SUPPLIED RECORDS Block Start
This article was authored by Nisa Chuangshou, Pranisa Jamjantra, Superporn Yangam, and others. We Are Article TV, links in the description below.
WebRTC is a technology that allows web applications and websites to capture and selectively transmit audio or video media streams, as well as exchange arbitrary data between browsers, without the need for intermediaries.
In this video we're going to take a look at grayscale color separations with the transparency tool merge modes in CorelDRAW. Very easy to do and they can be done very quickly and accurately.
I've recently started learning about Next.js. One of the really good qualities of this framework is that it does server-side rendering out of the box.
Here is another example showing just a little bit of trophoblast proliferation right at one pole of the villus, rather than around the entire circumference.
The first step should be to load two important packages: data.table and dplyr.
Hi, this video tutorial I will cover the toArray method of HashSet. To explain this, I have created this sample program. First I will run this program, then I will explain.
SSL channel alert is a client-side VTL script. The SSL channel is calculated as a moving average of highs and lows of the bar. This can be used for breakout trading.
SUPPLIED RECORDS Block End
SUPPLIED RECORDS Block Start
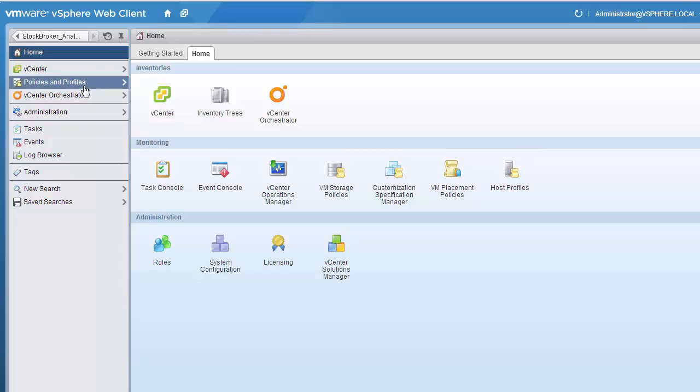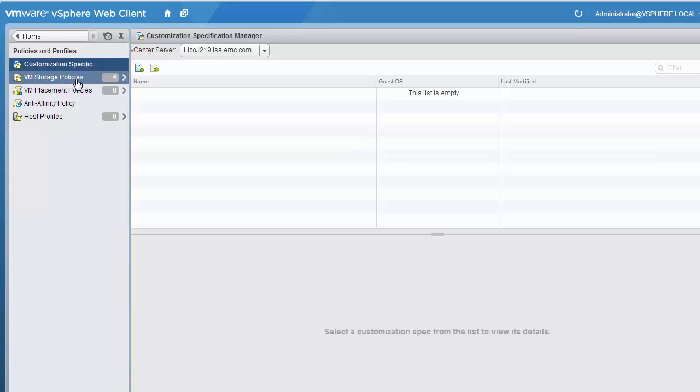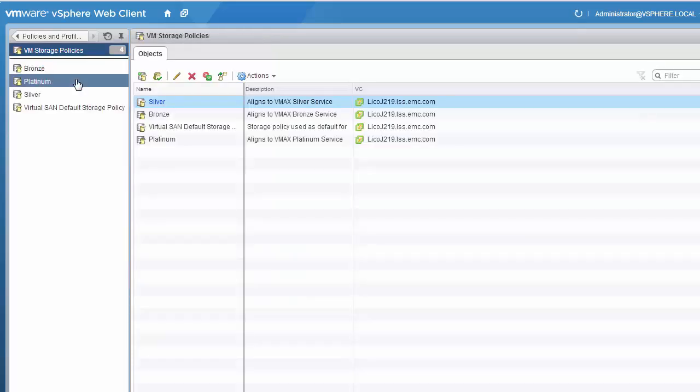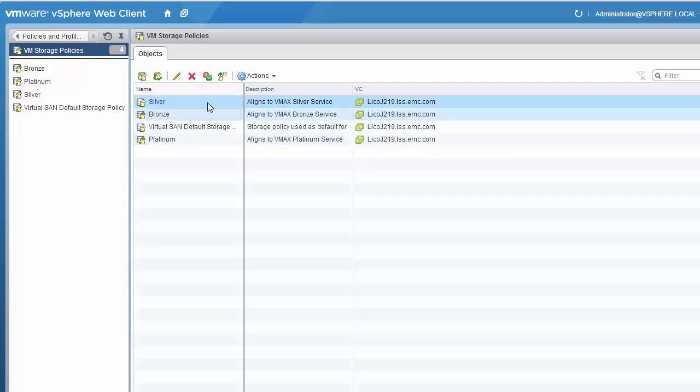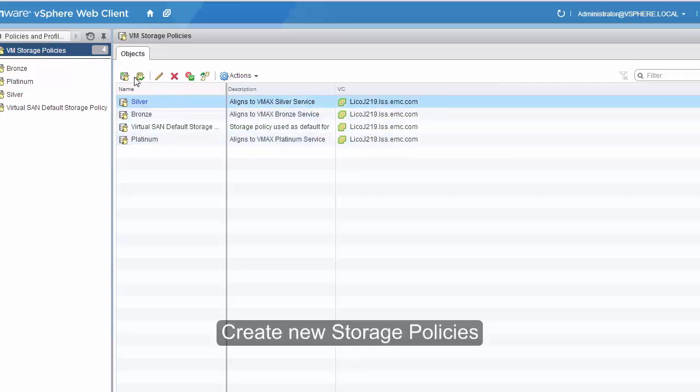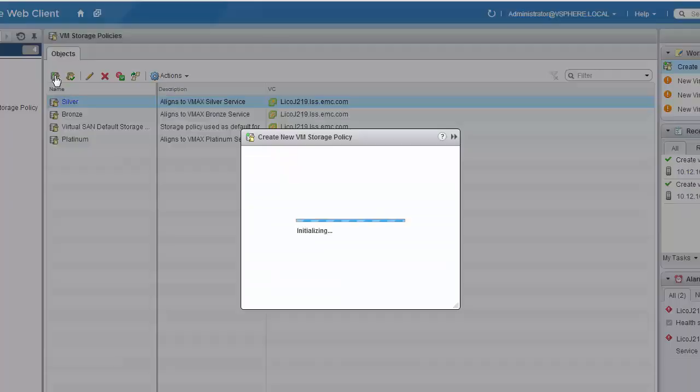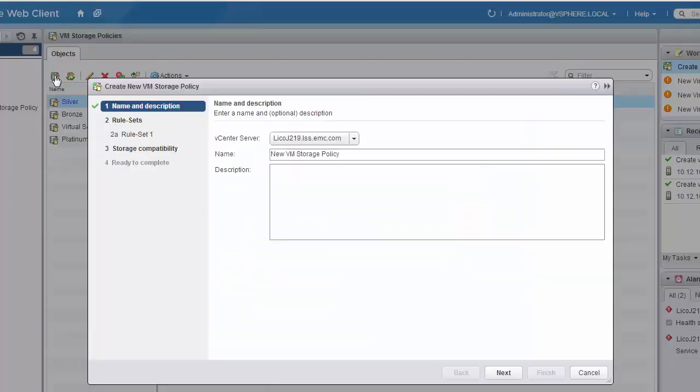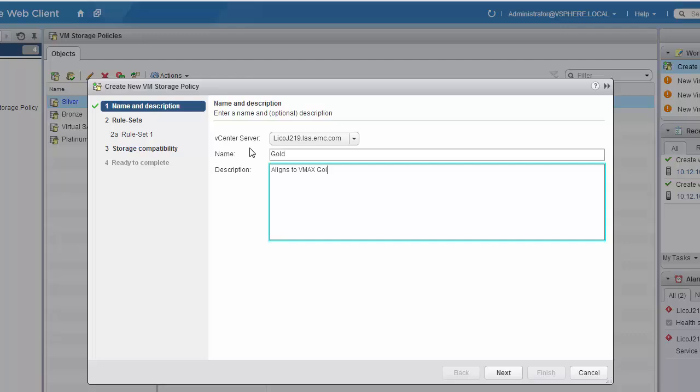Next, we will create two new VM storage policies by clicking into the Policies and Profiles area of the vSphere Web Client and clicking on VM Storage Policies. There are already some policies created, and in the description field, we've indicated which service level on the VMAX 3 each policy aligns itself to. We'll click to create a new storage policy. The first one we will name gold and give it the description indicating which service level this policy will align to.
SUPPLIED RECORDS Block End
- WHAT NEEDS TO BE DONE -
In the data above, start at the line that has "This article was", stop after the line that has "SSL channel alert", and print every line in between exactly as it stands.

- ANSWER SECTION -
This article was authored by Nisa Chuangshou, Pranisa Jamjantra, Superporn Yangam, and others. We Are Article TV, links in the description below.
WebRTC is a technology that allows web applications and websites to capture and selectively transmit audio or video media streams, as well as exchange arbitrary data between browsers, without the need for intermediaries.
In this video we're going to take a look at grayscale color separations with the transparency tool merge modes in CorelDRAW. Very easy to do and they can be done very quickly and accurately.
I've recently started learning about Next.js. One of the really good qualities of this framework is that it does server-side rendering out of the box.
Here is another example showing just a little bit of trophoblast proliferation right at one pole of the villus, rather than around the entire circumference.
The first step should be to load two important packages: data.table and dplyr.
Hi, this video tutorial I will cover the toArray method of HashSet. To explain this, I have created this sample program. First I will run this program, then I will explain.
SSL channel alert is a client-side VTL script. The SSL channel is calculated as a moving average of highs and lows of the bar. This can be used for breakout trading.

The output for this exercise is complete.